10th March: Seatern has a gear lever

I struggle to “dock” Seatern at the jetty and hate to think how it would be in a Marina! Even with the Tohatsu outboard, “Dai”, on low revs she tends to do about 1 knot – but in any case if I take way off too soon she will tend to get blown off course. I need to be able to use neutral and short forward jabs (“steer before gear”) …and reverse when I get it wrong! However changing gear means bending down and loosing sight of what is happening, usually I over-do the correction.

The Tohatsu motor has attachment points to fit remote controls – the gear change is taken off the middle of the starboard side of the motor. However it’s hard to see how a cables could be fitted so that the motor could still be tilted up and turned on its side. Unless the cable was long and looping which would mean it was in the way when sailing!

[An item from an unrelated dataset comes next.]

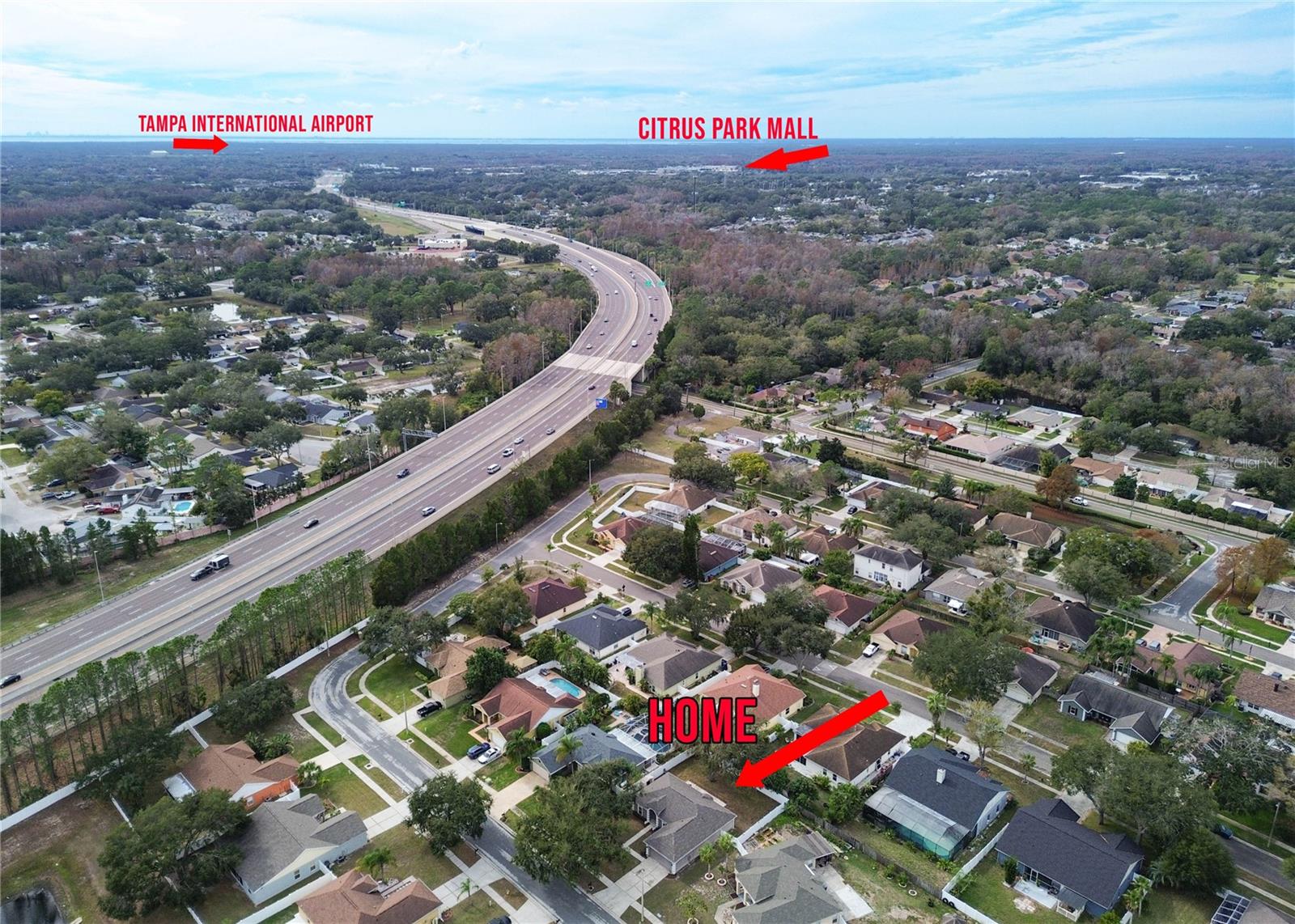 BROOKSHIRE PH 2B - Residential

I decided to attach an extension directly to the gear change handle on the motor. The Seahawk inflatable which I have as a potential light weight tender came with some very poor jointed plastic oars. I’ve bolted the joint end of one of these to the gear handle. The other part of the oar handle is simply screwed into the joint when needed. The motor can still be tilted even with the extension handle in place. However the tiller has to be pushed up out of the way implying one steers with the motor. I may try a shorter handle if this proves a problem.

I’m using a standard outboard tiller extension for the throttle which attaches with a thumb screw. It will be interesting to see how my new controls work – I haven’t tried them yet!

Today was the first spring-like day and I had planned to go over to the island. However the forecast for the next two days looked wet and windy so I didn’t (in the event I could have!). Instead, as well as making the gear lever, I got various small tasks done: Cut the becket off the mast base ratchet block for the main halyard (I’d re-used a dinghy mainsheet block); fitted a swivel block for the lazy-jack halyard to stop the lines twisting on the mast (a big improvement!); replaced the teak mounting plate for the echomax bracket with a tufnol one (the old one had cracked probably having been caught by a shroud during mast raising); and… made a toothbrush rack!!!